*Instructions for the task*. Below are the records; give again exactly the line with "Pagoda and Buddhist", the line with "Logo z napisem", and each line that lies between them, and nothing besides.

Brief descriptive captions
------------------------------------------------

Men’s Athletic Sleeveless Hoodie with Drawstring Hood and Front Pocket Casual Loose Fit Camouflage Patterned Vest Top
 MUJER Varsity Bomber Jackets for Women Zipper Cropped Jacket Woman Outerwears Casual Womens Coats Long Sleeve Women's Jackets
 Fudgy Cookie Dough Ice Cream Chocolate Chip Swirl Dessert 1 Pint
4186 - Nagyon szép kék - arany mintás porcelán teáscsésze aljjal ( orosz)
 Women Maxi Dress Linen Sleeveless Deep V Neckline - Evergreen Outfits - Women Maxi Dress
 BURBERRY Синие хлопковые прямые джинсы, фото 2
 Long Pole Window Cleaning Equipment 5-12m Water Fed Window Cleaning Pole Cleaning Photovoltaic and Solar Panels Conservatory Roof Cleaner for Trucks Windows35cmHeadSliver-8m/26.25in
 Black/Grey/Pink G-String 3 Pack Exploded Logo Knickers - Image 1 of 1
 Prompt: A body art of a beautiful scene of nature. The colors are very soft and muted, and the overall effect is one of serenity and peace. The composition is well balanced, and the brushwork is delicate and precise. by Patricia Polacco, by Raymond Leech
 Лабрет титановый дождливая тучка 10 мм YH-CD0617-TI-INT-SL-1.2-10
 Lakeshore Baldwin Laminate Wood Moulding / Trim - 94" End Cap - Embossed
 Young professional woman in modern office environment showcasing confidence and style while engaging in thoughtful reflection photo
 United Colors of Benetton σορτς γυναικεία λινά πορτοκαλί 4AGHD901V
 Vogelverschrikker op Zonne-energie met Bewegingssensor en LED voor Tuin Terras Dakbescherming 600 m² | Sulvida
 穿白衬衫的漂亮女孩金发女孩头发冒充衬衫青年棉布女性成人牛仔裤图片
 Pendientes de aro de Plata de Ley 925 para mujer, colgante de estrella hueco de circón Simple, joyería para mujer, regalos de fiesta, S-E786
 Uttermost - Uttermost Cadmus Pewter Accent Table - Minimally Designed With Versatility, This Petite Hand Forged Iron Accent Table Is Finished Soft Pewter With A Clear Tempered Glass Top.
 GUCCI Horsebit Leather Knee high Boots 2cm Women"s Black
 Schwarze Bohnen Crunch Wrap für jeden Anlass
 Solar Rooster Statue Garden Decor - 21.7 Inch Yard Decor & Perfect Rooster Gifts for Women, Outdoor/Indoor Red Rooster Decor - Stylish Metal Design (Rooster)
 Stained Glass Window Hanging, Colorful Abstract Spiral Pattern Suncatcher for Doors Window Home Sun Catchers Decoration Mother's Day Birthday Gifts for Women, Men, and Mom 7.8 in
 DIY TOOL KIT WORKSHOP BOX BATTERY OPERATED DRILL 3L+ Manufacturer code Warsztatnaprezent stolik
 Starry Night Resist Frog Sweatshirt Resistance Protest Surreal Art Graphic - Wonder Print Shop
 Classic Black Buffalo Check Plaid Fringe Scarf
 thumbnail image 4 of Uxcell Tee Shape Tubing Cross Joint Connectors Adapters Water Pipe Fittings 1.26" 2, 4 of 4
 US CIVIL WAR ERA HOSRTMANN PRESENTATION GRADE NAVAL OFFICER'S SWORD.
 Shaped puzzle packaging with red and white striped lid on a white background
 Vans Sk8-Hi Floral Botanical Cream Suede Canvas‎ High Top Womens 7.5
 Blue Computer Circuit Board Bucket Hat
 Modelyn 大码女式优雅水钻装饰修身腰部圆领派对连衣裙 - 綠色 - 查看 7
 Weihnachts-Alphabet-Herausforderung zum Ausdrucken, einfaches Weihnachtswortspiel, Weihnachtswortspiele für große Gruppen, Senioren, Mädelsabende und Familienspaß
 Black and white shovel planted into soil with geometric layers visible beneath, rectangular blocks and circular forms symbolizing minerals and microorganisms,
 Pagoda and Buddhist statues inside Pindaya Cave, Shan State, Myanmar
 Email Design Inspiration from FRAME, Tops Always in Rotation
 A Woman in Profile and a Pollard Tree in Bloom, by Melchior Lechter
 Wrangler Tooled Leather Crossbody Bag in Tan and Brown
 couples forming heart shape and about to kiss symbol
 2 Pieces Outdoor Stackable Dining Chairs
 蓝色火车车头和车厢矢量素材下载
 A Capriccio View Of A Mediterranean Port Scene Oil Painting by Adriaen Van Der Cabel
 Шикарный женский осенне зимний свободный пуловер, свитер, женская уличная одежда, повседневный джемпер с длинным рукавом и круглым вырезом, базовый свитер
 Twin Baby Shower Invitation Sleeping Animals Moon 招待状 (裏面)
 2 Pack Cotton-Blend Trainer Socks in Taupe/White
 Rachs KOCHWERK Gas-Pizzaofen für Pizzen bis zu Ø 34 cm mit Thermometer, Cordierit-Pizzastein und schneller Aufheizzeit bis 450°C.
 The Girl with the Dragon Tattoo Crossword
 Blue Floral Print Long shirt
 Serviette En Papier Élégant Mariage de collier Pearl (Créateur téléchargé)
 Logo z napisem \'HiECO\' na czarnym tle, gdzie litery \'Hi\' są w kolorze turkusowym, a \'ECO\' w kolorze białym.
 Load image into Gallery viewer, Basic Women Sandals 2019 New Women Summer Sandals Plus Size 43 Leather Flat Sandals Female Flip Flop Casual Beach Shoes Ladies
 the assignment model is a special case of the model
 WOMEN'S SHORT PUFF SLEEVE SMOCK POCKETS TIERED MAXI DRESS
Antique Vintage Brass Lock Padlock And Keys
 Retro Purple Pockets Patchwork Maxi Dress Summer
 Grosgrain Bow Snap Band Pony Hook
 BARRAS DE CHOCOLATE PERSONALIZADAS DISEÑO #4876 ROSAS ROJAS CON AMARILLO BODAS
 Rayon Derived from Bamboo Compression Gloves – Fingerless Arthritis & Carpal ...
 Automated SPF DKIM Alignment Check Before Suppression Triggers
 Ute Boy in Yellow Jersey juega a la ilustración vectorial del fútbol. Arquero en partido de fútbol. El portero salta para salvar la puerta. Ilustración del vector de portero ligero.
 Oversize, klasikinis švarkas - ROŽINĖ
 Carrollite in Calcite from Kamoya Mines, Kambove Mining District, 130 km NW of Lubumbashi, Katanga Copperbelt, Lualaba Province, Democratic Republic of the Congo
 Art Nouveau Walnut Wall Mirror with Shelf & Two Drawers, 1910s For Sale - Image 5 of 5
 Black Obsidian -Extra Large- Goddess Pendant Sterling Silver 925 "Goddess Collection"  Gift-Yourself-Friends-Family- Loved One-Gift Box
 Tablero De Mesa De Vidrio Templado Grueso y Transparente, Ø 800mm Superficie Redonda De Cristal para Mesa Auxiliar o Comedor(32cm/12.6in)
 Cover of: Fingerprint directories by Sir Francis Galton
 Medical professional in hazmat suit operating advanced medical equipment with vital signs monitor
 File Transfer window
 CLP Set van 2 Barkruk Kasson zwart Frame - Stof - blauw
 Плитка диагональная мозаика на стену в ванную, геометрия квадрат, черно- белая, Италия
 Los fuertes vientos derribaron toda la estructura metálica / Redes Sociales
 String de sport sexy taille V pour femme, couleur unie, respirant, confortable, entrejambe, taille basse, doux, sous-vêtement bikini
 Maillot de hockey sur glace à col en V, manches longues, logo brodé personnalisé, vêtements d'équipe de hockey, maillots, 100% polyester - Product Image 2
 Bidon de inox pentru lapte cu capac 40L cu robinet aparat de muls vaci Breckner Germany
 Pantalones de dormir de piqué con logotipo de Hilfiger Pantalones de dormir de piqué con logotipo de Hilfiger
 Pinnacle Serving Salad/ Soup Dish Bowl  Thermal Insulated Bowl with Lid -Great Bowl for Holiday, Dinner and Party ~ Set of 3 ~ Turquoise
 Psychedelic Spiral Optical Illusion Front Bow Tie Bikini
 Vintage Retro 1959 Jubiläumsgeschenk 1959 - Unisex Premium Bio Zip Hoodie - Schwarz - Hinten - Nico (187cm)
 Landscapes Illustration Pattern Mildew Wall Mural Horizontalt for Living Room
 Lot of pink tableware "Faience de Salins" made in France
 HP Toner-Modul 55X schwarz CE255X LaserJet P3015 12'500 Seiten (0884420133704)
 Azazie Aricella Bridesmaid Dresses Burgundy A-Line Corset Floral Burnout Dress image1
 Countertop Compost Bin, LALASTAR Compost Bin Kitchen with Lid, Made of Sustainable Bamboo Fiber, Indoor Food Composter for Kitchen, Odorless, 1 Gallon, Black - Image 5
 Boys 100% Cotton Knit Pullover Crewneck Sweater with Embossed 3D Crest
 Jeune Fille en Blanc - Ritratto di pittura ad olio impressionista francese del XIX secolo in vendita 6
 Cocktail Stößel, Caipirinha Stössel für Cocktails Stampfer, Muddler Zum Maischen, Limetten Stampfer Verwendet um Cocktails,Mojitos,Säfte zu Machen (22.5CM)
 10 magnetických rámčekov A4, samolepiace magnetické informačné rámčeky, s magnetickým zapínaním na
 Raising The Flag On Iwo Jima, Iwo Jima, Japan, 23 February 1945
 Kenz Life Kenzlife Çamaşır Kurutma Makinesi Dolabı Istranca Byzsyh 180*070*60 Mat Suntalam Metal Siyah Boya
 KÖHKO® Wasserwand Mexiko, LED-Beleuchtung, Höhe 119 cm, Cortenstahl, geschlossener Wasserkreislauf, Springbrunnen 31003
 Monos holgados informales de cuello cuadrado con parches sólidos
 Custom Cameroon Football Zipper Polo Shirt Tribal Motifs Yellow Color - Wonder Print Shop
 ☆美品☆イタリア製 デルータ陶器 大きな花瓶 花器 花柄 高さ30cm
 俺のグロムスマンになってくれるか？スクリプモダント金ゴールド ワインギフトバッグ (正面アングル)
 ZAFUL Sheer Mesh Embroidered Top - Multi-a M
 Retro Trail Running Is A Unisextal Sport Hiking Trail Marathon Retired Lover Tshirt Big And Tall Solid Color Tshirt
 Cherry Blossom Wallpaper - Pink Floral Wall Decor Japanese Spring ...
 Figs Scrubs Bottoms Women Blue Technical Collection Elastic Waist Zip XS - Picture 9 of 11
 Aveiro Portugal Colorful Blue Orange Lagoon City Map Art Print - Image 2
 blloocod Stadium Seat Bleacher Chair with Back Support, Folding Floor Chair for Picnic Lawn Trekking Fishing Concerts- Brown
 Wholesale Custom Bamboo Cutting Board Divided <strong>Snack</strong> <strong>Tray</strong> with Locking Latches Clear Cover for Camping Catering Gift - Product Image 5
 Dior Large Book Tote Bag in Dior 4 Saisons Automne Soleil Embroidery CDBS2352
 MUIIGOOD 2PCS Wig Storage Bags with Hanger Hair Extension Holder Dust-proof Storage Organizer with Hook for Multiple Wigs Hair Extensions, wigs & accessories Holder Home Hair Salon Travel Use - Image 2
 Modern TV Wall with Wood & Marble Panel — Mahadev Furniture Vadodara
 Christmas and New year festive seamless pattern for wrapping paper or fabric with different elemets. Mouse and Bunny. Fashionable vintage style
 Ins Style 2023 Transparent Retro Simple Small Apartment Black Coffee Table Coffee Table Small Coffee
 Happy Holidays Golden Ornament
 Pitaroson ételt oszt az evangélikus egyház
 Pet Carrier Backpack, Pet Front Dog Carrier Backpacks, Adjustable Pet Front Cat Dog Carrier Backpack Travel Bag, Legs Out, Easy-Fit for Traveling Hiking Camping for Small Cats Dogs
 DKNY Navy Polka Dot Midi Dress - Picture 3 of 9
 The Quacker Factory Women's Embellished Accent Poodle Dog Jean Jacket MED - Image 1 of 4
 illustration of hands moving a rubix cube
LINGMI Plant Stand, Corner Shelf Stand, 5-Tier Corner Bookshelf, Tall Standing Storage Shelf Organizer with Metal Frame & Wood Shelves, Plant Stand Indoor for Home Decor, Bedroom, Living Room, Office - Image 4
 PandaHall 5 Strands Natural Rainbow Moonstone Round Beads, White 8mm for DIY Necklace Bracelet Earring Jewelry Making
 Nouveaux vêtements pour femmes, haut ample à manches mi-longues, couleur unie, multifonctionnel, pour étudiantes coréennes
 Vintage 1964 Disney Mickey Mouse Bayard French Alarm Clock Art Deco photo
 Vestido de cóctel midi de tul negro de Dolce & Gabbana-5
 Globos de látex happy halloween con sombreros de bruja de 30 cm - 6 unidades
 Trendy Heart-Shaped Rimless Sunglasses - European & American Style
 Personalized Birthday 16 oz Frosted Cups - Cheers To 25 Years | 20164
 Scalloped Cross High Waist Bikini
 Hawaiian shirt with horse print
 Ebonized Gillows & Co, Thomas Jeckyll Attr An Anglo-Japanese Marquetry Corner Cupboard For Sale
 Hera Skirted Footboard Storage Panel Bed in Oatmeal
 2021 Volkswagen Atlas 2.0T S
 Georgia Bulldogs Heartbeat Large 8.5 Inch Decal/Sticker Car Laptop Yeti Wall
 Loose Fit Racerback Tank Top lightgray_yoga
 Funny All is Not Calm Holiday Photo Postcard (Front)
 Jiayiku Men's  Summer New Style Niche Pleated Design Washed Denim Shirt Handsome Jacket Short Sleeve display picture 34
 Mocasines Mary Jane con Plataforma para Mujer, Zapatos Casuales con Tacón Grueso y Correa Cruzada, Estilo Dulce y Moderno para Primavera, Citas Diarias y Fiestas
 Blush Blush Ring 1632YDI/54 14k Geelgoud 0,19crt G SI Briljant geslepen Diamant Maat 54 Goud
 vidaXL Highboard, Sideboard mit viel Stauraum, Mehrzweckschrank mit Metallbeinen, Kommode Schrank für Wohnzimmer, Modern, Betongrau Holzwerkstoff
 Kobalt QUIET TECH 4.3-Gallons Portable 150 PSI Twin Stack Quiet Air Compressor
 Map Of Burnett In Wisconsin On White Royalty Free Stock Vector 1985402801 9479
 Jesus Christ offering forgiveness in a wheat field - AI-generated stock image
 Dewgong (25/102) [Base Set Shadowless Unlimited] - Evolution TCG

------------------------------------------------

*Solution*.
 Pagoda and Buddhist statues inside Pindaya Cave, Shan State, Myanmar
 Email Design Inspiration from FRAME, Tops Always in Rotation
 A Woman in Profile and a Pollard Tree in Bloom, by Melchior Lechter
 Wrangler Tooled Leather Crossbody Bag in Tan and Brown
 couples forming heart shape and about to kiss symbol
 2 Pieces Outdoor Stackable Dining Chairs
 蓝色火车车头和车厢矢量素材下载
 A Capriccio View Of A Mediterranean Port Scene Oil Painting by Adriaen Van Der Cabel
 Шикарный женский осенне зимний свободный пуловер, свитер, женская уличная одежда, повседневный джемпер с длинным рукавом и круглым вырезом, базовый свитер
 Twin Baby Shower Invitation Sleeping Animals Moon 招待状 (裏面)
 2 Pack Cotton-Blend Trainer Socks in Taupe/White
 Rachs KOCHWERK Gas-Pizzaofen für Pizzen bis zu Ø 34 cm mit Thermometer, Cordierit-Pizzastein und schneller Aufheizzeit bis 450°C.
 The Girl with the Dragon Tattoo Crossword
 Blue Floral Print Long shirt
 Serviette En Papier Élégant Mariage de collier Pearl (Créateur téléchargé)
 Logo z napisem \'HiECO\' na czarnym tle, gdzie litery \'Hi\' są w kolorze turkusowym, a \'ECO\' w kolorze białym.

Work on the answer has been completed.